Después de un absoluto silencio, que ha durado lo mismo que el secreto dictado sobre el sumario, medio año, los tres detenidos por el grupo de Homicidios de la Guardia Civil, Álvaro Luis Ospino, Víctor Hugo H. M. y la novia de este, Luz Marina M. A. -los otros dos implicados, el segundo pistolero, Juan Diego M. H., y la pareja de este, María Alejandra P. R. continúan en paradero desconocido tras su fuga después del crimen- pidieron comparecer ante el magistrado para contar su versión de los hechos. Lo han hecho a través de sus defensas y solo después de conocer qué había o no en el sumario en su contra.

Ficha policial antigua de Álvaro Luis Ospina Illera, alias La Negra Dominga. / L-EMV
Las piezas encajan
En contra de lo que cabía esperar, los dos que ya han declarado por voluntad propia -la comparecencia de Luz Marina fue suspendida en el último momento por cuestiones de agenda de su abogada-, lo han hecho respondiendo no solo a las preguntas de sus respectivos letrados, sino también a las del fiscal y a las del magistrado.

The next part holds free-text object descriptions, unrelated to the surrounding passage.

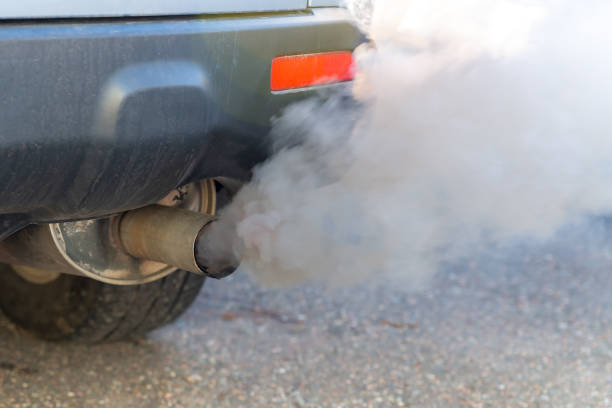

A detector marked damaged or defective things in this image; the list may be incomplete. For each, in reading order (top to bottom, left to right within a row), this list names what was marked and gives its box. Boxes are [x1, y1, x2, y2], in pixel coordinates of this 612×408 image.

rusty exhaust pipe [118, 206, 238, 278]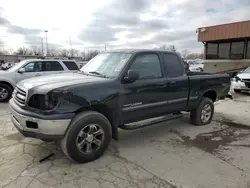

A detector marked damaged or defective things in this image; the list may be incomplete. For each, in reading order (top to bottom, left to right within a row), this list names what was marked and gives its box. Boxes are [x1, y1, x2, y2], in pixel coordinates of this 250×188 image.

damaged hood [16, 72, 108, 92]
front bumper damage [8, 98, 73, 141]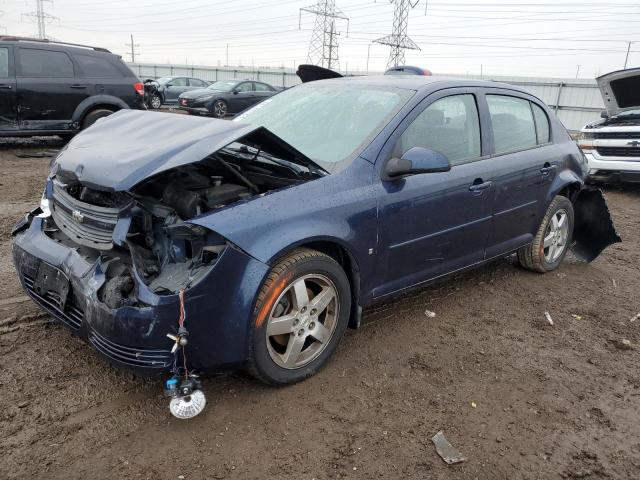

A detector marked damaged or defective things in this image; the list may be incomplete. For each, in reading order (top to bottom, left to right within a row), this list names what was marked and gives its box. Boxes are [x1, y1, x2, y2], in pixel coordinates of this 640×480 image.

detached front bumper [11, 213, 268, 376]
damaged blue chevrolet cobalt [11, 74, 620, 408]
crumpled fender [568, 188, 620, 262]
shattered plastic debris [432, 432, 468, 464]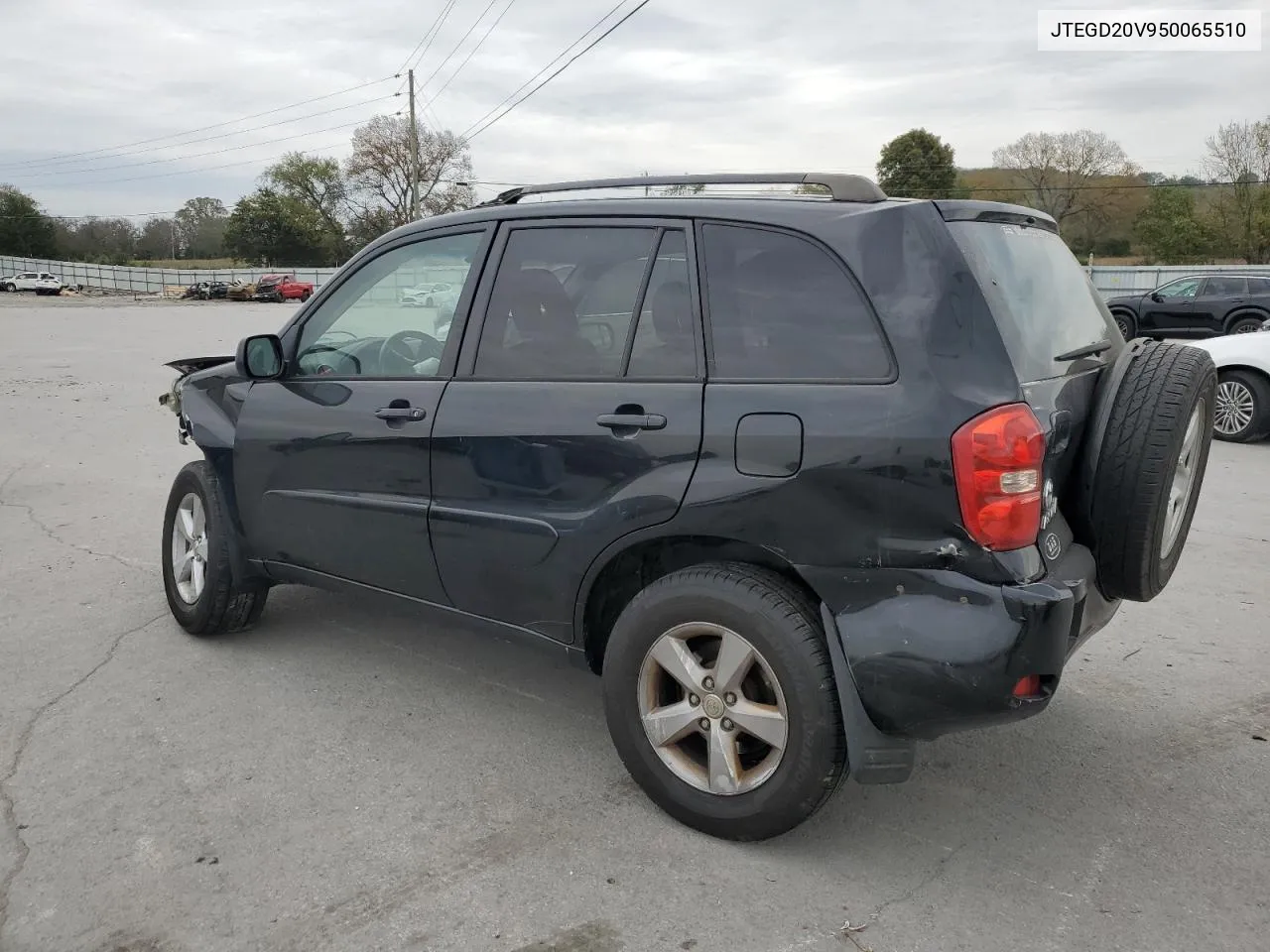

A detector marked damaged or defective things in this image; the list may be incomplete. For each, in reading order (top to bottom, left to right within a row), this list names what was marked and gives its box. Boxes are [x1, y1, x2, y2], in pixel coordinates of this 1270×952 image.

crack in pavement [0, 502, 150, 578]
crack in pavement [0, 614, 167, 944]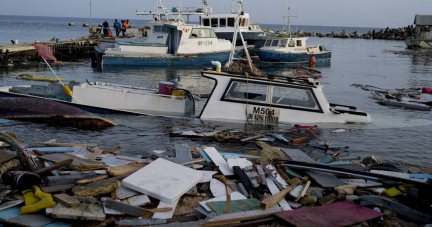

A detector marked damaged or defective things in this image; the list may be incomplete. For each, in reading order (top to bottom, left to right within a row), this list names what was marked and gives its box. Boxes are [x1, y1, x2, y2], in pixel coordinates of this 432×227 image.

broken plywood sheet [203, 147, 233, 176]
broken plywood sheet [120, 158, 203, 204]
broken plywood sheet [211, 178, 228, 198]
broken plywood sheet [308, 171, 344, 189]
broken plywood sheet [52, 203, 105, 221]
broken plywood sheet [152, 200, 179, 220]
broken plywood sheet [199, 192, 246, 213]
broken plywood sheet [206, 199, 260, 215]
broken plywood sheet [276, 201, 384, 226]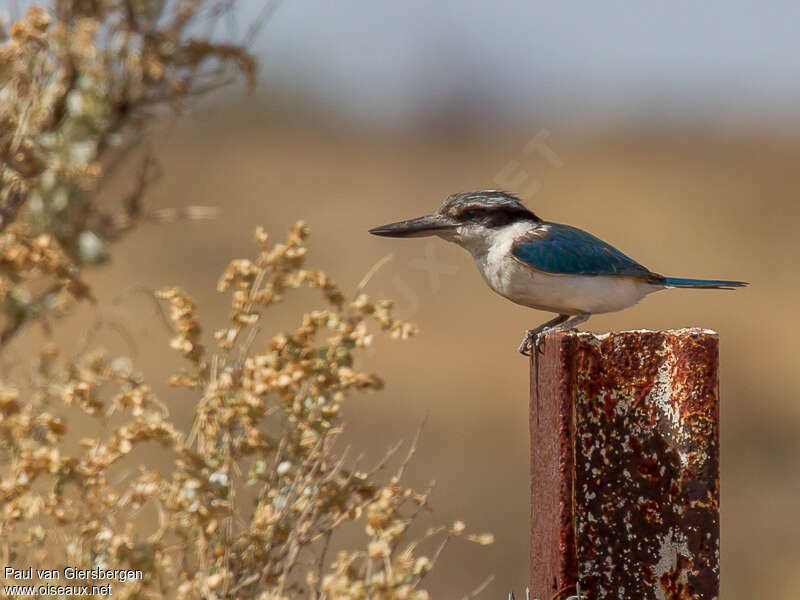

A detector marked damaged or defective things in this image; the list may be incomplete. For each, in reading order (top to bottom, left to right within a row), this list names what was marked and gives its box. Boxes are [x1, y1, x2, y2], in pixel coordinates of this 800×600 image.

rusty metal post [528, 330, 720, 596]
peeling paint on post [528, 330, 720, 596]
rust stain on post [528, 328, 720, 600]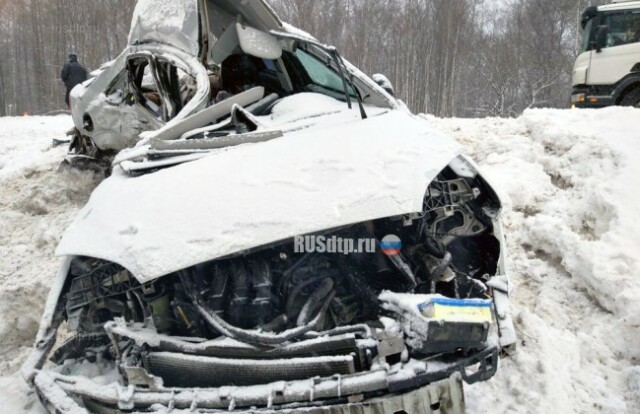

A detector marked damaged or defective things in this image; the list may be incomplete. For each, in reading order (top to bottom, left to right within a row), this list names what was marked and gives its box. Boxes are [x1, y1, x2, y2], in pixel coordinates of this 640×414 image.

crumpled hood [56, 97, 460, 284]
severely damaged car [23, 0, 516, 414]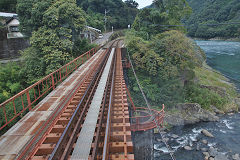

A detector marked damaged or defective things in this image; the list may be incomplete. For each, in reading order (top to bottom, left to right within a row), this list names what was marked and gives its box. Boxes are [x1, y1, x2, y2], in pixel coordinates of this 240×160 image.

rusty railway bridge [0, 39, 165, 159]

Quizás por ello, además de reiterar que nada tienen que ver con la masacre montada, presuntamente, para vengar aquella muerte en la fiesta cerca de Barranquilla, han acabado asumiendo idas y venidas, encuentros, conversaciones y situaciones que, sin ser su pretensión, han afianzado el relato de los hechos que trazó la Guardia Civil en su atestado a partir de las evidencias reunidas durante los 14 meses de investigación, desde justificantes de pago, a movimientos de los investigados, conocidos gracias al análisis de geolocalización y conexión a las antenas de sus teléfonos móviles, pasando por tiques de establecimientos, billetes de transporte público o alquileres de vehículos y viviendas, sin olvidar determinados movimientos de dinero.
En otras palabras, el hecho de que hayan reconocido viajes, encuentros y estancias ha servido para apuntalar el mapa de hechos avanzado en el atestado policial y que ha sido la base para el relato de la Fiscalía en el escrito de imputación de delitos. Incluso las exculpaciones revestidas de explicaciones faltas de lógica han acabado por inclinar la balanza, o eso parece ahora, hacia el lado de la acusación, aunque la última palabra la tendrán, evidentemente, los nueve miembros del jurado que los juzgará.
Un ejemplo. El presunto asesino a sueldo ha terminado admitiendo en diciembre de 2023 estuvo junto al otro pistolero, Juan Diego M. H. pasando unos días en Sant Pol de Mar, un pequeño pueblo de Barcelona de apenas 5.800 habitantes, casualmente los mismos días en los que el líder de los Vega Daza, Beto, y su guardaespaldas se encontraban en esta misma localidad. Faltaban dos meses y algo para que ambos cayeran tiroteados en el Saler, de cinco tiros el primero y de siete, el segundo. Admitió, también, que de ahí se fue a Madrid, donde pasó unos días con Juan Diego. Y, de nuevo la causalidad, quiso que fuese en los mismos días en que Ospino Illera admitió el viernes que estuvo en casa de Juan Diego en la capital madrileña.
Los viajes en compañía
Las coincidencias no acaban ahí. Víctor Hugo ha asegurado al juez que viajó en compañía del otro presunto sicario a Colombia el día 21 de diciembre, un viaje relámpago, ya que el día de Navidad ya estaba de regreso en Madrid. También quiso el azar que tanto él como su novia, Luz Marina -acusada de haber colaborado en la planificación y ejecución de la encerrona alquilando coches, viviendas, gestionando pagos y realizando alguna otra gestión de logística-, estuvieran justamente en el Saler, bajo la cobertura de la misma antena que da servicio a los Bloques de Aparejadores, la tarde anterior al asesinato e, incluso, el mismo día del crimen. Los dos teléfonos posicionan en ese punto entre las seis y las siete de la tarde, curiosamente, a la hora en que llegaron las tres víctimas en un Volkswagen Passat. ¿Y cómo lo ha explicado al juez? Refugiándose en que buscaban, su pareja y él, un escarceo amoroso en un paraje que, afirmó, se presta a ello más que el apartamento turístico del que disponían en València.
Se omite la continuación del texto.